▶ Description of the task
Before printing, remove every picture; then print the lines below exactly, from the first line through the line containing "Handcrafted Strawberry with".

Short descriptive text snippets
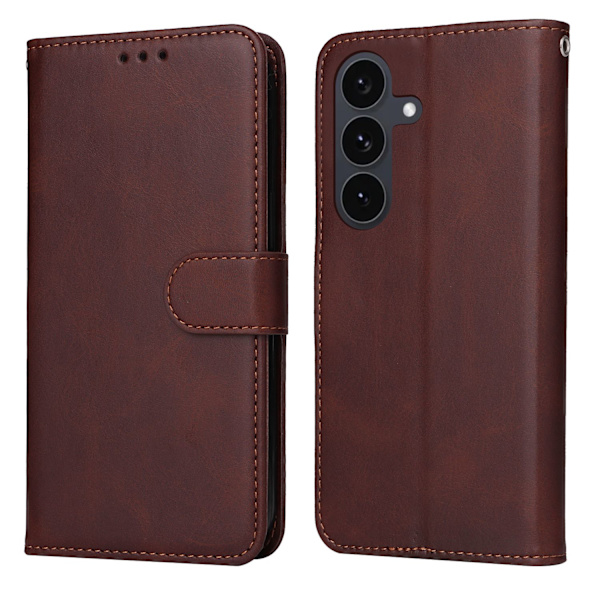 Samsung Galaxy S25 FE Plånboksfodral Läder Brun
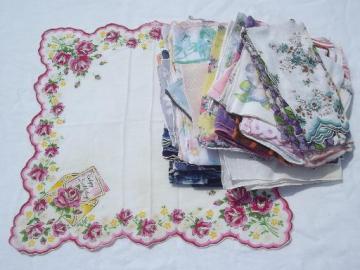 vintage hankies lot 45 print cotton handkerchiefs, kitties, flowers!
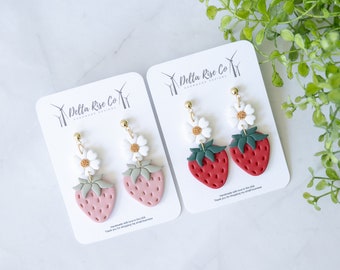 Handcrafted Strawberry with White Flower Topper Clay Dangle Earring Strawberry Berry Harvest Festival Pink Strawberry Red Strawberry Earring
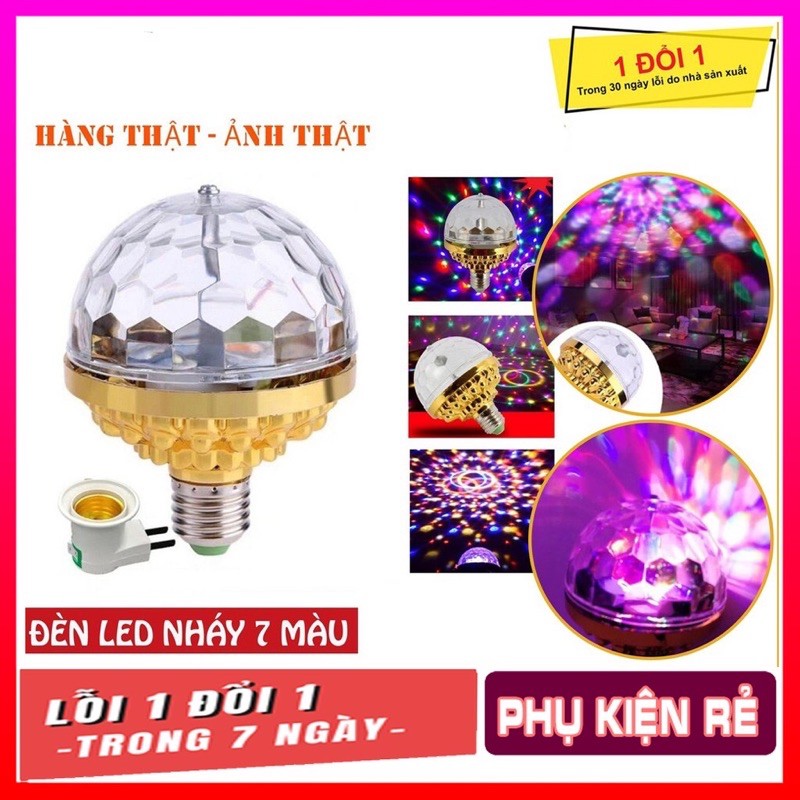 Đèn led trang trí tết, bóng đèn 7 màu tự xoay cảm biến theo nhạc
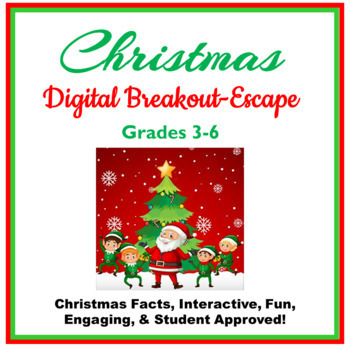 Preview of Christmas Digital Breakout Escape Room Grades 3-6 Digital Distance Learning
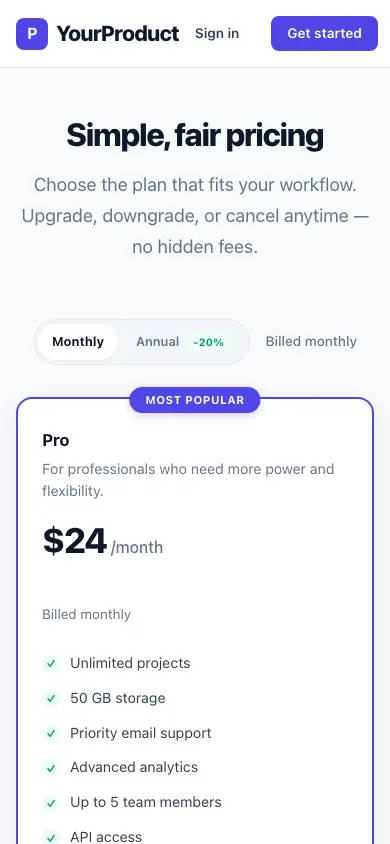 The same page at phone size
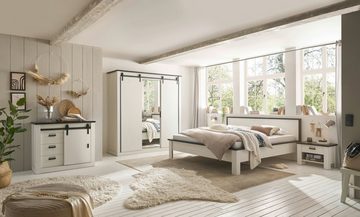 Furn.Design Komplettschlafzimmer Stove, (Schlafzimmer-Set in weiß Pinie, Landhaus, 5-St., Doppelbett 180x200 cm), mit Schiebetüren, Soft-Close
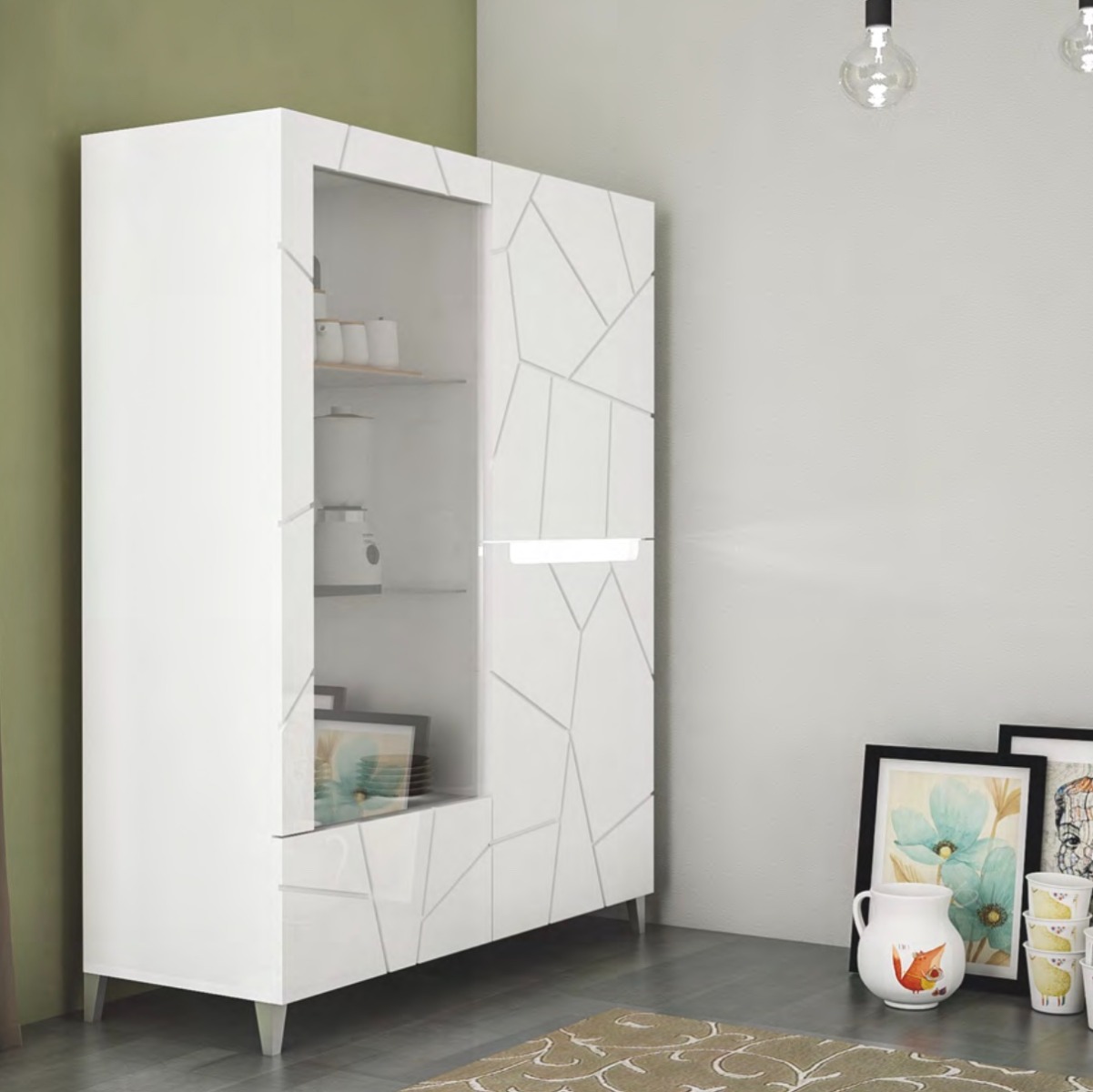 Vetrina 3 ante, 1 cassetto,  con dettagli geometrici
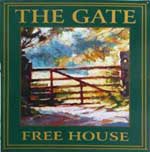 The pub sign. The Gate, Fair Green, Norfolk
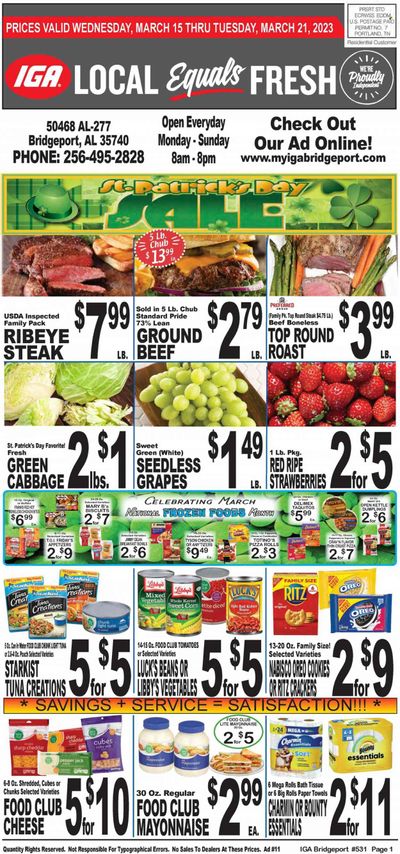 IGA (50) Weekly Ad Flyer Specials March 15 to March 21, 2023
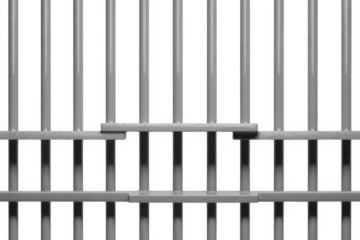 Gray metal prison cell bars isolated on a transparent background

▶ Your response
 Samsung Galaxy S25 FE Plånboksfodral Läder Brun
 vintage hankies lot 45 print cotton handkerchiefs, kitties, flowers!
 Handcrafted Strawberry with White Flower Topper Clay Dangle Earring Strawberry Berry Harvest Festival Pink Strawberry Red Strawberry Earring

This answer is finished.